In mattinata ad aprire l’udienza era stato l’archeologo forense Dominic Salsarola, che la procura ha ottenuto di risentire in questo secondo grado e che ha ribadito che a mettere nella fossa Saman Abbas furono almeno due persone. Questo aspretto è uno dei punti irrisolti della vicenda che ruota attorno all’omicidio della 18enne di Novellara. In primo grado solo lo zio della ragazza è stato ritenuto l’esecutore materiale dell’uccisione, mentre i genitori sono stati condannati come mandanti.
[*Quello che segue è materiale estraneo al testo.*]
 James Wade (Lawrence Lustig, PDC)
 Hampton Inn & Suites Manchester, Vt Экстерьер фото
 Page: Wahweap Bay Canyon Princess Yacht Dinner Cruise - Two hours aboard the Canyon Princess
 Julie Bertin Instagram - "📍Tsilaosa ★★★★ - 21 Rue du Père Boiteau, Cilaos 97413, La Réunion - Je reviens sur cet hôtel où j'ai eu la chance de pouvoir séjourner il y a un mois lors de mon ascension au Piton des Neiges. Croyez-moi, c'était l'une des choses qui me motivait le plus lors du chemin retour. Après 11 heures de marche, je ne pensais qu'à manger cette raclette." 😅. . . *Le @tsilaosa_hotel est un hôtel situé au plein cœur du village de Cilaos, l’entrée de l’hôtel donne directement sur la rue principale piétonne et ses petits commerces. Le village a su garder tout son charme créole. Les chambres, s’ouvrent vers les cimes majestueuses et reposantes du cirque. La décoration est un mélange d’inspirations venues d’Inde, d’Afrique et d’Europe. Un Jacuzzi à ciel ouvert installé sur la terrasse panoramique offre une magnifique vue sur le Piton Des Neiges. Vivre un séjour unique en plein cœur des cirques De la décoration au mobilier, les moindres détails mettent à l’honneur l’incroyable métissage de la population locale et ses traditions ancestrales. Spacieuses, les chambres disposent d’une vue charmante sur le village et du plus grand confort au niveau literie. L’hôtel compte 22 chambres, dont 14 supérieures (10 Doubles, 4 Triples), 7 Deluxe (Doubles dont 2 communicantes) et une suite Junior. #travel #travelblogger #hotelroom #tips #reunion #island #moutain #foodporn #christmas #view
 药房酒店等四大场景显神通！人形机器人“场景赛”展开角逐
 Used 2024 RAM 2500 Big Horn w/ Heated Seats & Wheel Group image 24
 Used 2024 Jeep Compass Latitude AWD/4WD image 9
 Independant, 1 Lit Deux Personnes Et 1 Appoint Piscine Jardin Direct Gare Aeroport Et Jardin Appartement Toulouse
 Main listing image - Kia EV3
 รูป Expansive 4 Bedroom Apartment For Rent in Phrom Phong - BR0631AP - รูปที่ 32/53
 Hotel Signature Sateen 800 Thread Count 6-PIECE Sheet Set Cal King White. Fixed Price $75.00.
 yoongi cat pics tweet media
La salma è stata trovata “in posizione supina, con lo sguardo rivolto verso il cielo, le braccia spostate verso destra”, ha detto ancora Salsarola. E’ stata “calata, non buttata”. Da qui la difficoltà di azione per una persona sola. Poi proprio lo zio, Danish Hasnain, ha preso la parola, sollecitato dal presidente della corte, Domenico Stigliano, che gli ha chiesto se fosse disponibile a raccontare cosa aveva visto la sera dell’omicidio, dal momento che in una precedente udienza aveva riferito di essere presente e di aver visto altri due imputati, i cugini di Saman, che scavavano la fossa per la ragazza.
“Quando scavavano ero presente, ma quando l’hanno sepolta non ero più lì – ha risposto – Mi hanno chiesto di aiutarli e io mi sono rifiutato. Ad alta voce ho detto di no, loro mi hanno detto di abbassare la voce e hanno ripreso in silenzio. Si sono allontanati con la salma e non ho visto come l’hanno sepolta. Sono andato a casa, ero molto provato, sono stato 10-15 minuti a piangere. Dopo, sono arrivati anche loro e abbiamo dormito tutta la notte”. In precedenza, Danish aveva detto di averli aiutati a spostare la terra: “Sì, ho solo spostato la terra”, ha risposto.